Thursday, September 3, 2020

Putin Backers More Likely than His Opponents to Say Russians will Help One Another, Levada Survey Finds

Paul Goble

            Staunton, September 1 – At the start of the pandemic in March and after its peak in August, the Levada Center asked Russians about their readiness to help others, sociologist Aleksey Levinson says. The findings suggest that Russians are “not so much a civil society” as one animated by more selfish concerns.

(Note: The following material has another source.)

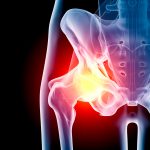 Hip in pain x-ray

            In the first of these polls, those born in Soviet times, those who respect the authorities, and those who have some power themselves were more likely to say that “everyone will help everyone” than other groups because of the pandemic while about a third of the sample suggested the coronavirus would not change the situation (

            Contrary to what many might have expected, people in villages were somewhat less likely to say that in misfortune, “everyone will help everyone,” than were those in Moscow (15 percent and 20 percent respectively) while they were slightly more ready to say that people will help only their own (53 percent and 47 percent respectively).

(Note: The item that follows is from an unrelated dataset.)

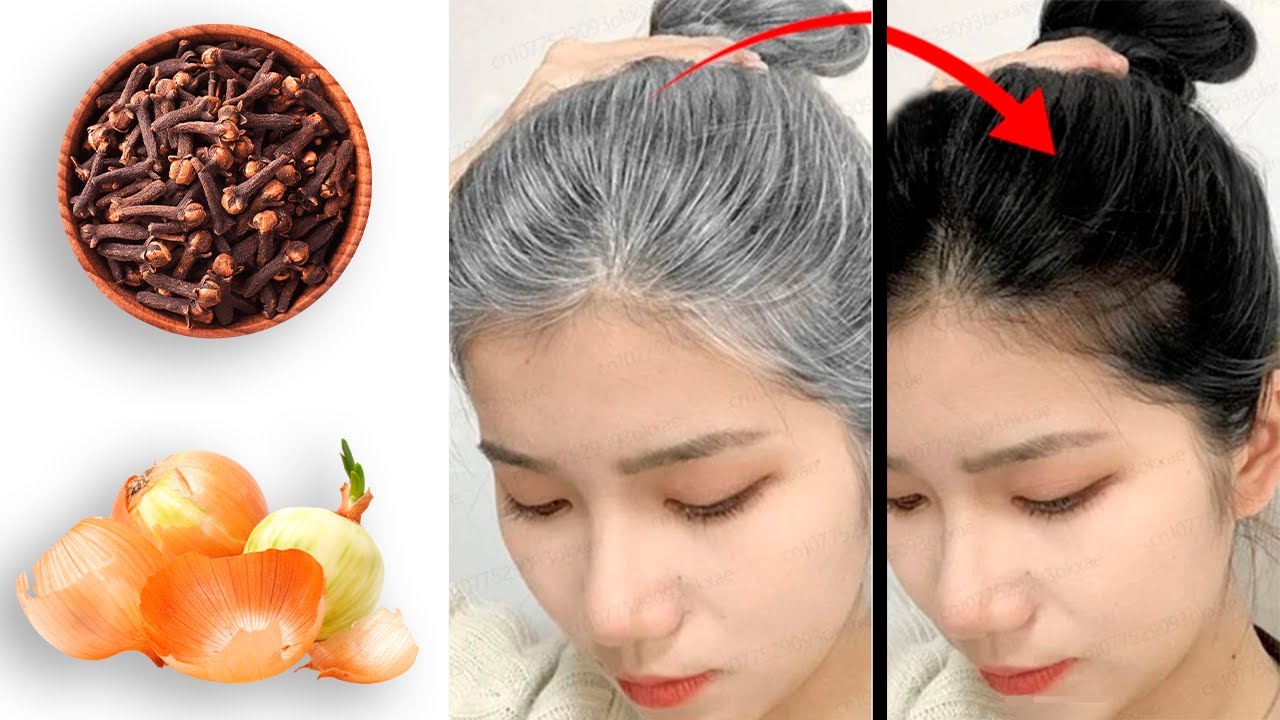 Discover the Surprising Benefits of Cloves and Onions for Hair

            The survey also found that young people and those opposed to Vladimir Putin were significantly less likely to say that people will help each other than were older groups or those who expressed support for the president, Levinson says. This may reflect greater willingness by Putin supporters as compared to opponents to accept media images of society.  

            By the time of the second survey, which asked the same question and offered the same alternative answers, the sociologist says, the attitudes expressed had changed.  A higher percentage said the pandemic hadn’t changed the situation than suggested it would in the earlier survey.

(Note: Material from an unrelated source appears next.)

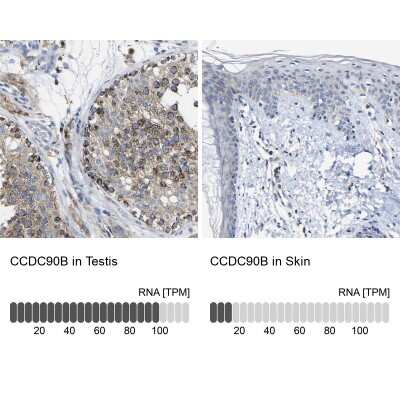 Immunohistochemistry-Paraffin: CCDC90B Antibody [NBP1-93529]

            Those saying people had helped others as opposed to those who earlier said Russians would rose from 17 percent to 23 percent, and the differences among the various groups declined, with young people and pensioners expressing nearly similar positions, Levinson reports.

            But some significant differences remained. Muscovites continued to say Russians would help one another more often than those in other large cities and villages, 31 percent, 23 percent, and 19 percent respectively.  It is likely that this reflects the impact of media on people’s views more than on what they would be otherwise, he suggests.

            Putin opponents continued to say that Russians would not help one another generally but only those close to them, but they expressed even less support for other alternatives and more backing for this one.  Thus, “we are not so much a civil society as a society made up of ‘our own’” and others.

            But Levinson concludes optimistically that Russians have adopted somewhat more civic positions than many might have expected.